Next to fishermen, birdwatchers constitute the largest audience for his often contrary remarks. He talked with a woman who had been watching a hawk fishing and voiced her admiration for this aggressive bird. Waitley’s dry response to her exuberance: “What about the fish?”

The first half of the book finds him at the headwaters of the St. Johns River, where he contemplates this largely managed river and the chain of lakes which it drains. Much of the area is in the Ocala National Forest, east and south of Ocala. Several magnificent springs feed the St. Johns its waters, via the Ocklawaha River. The St. Johns is perhaps the most “historic” of Florida’s rivers. It saw action in the Civil War, participated in the cattle business, and later the cotton economy.
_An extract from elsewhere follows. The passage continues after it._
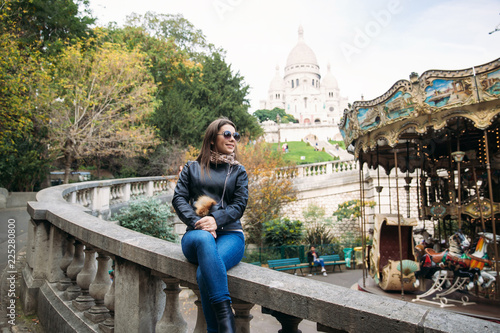 Photography Beautiful girl is walkin in paris near the basilica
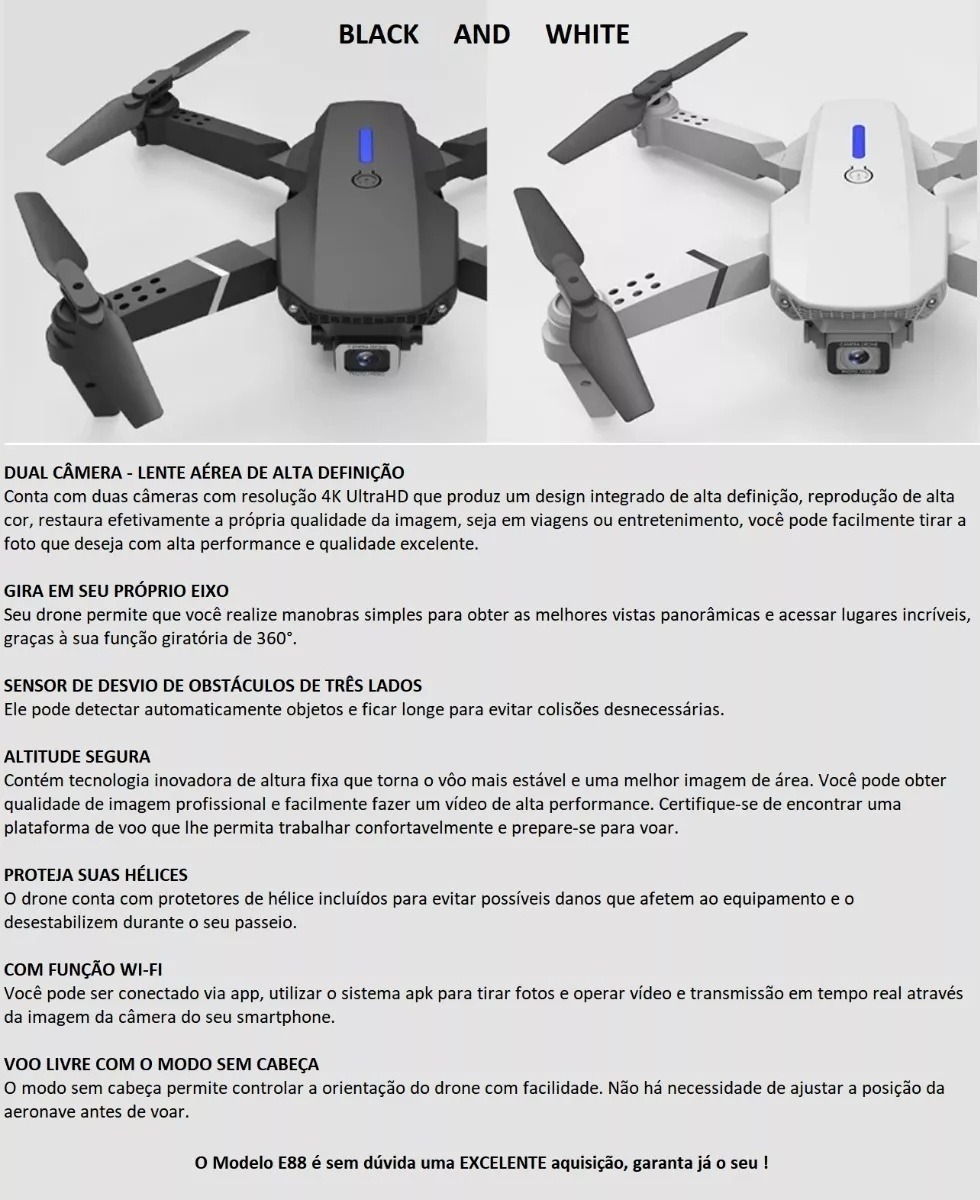 Drone E88 Câmera Uhd Profissional 2.4ghz Barata 2 Baterias - Imagem 3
Its fresh waters have been the cause of many a squabble over water rights.

Much of the area was logged in the early part of the last century, and the forests that Waitley admires are mostly second growth. Exotic flora and fauna are a major problem; “suburban estates” are a relatively recent exotic. But the original biodiversity of the swamps and drier areas is recovering. He admires the mix of longleaf pines, turkey oaks, and wiregrass. Lots of water birds and indigenous mammals, including the black bear, are coming back – despite the fragmentation of the forests. There is a continuing threat of wild fires, usually caused by lightening.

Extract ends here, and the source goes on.